China has already offered a panoply of awards and benefits for couples who have children, including increased benefits for child care and education to reduce the high cost of having kids. Changshan’s blunt offer of a cash bonus to men who marry young, fertile women is among the least subtle measures taken to reverse China’s catastrophic population decline.
Like many Asian cultures, China has stern attitudes toward children born out of wedlock – only a few years ago, unwed pregnant women were denied access to some public services and only recently have some provinces begun lifting restrictions on unmarried couples having children.
Encouraging more young people to get married has therefore become a priority for the Chinese government, as Australia’s ABC News noted on Tuesday:
China’s legal age limit for marriage is 22 for males and 20 for females, but the number of couples getting married has been falling.
That has driven down birth rates due to official policies which make it harder for single women to have children.
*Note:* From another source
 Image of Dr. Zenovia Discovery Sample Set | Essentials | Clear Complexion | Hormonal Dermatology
Marriage rates hit a record low in 2022 at 6.8 million, the lowest since 1986, according to government data released in June. There were 800,000 fewer marriages last year than in 2021.
None of these policy remedies have worked terribly well so far. The national fertility rate has only gone down since the regime in Beijing formally acknowledged its population crisis and began implementing policies to counter it.
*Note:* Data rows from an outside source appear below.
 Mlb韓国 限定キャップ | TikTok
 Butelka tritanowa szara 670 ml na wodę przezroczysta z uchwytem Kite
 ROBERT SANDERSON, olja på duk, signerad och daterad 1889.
In July, exasperated state media outlets berated childless Chinese subjects for “pedophobia,” floating a theory that stubbornly low birthrates are exacerbated by a sinister Internet conspiracy to make young couples afraid of having children. Being called pedophobes does not seem to have inspired the Chinese public to have more children.
The city of Xian tried sending text messages to its residents last week, urging them to get busy with baby-making on China’s version of Valentine’s Day. It is too early to tell if this approach will have a salutary effect on fertility rates.
A nurse holds a baby at an infant care centre in Yongquan, in Chongqing municipality, in southwest China. (STR/AFP/Getty Images)
Reuters on Tuesday was skeptical that Changshan’s little cash reward for young brides would reverse these trends, pointing to high childcare costs, the reluctance of young Chinese women to sacrifice their careers to become mothers, and “low consumer confidence and growing concerns over the health of China’s economy” as reasons for the demographic drop.
The effect of China’s real-estate crisis should not be underestimated, as gigantic property companies totter on the brink of collapse, unfinished housing projects litter the landscape, and young couples are increasingly unable to buy a home large enough to accommodate children.
Less frequently discussed is the lingering effect of China’s brutal One Child Policy of forced abortions, which dramatically reduced the pool of young women available for marriage and child-rearing, permanently ratcheted down the size of the typical Chinese family, and increased the amount of money well-off Chinese parents spend on the few children they do have – a “spillover” phenomenon that makes large families even more unaffordable for less affluent couples.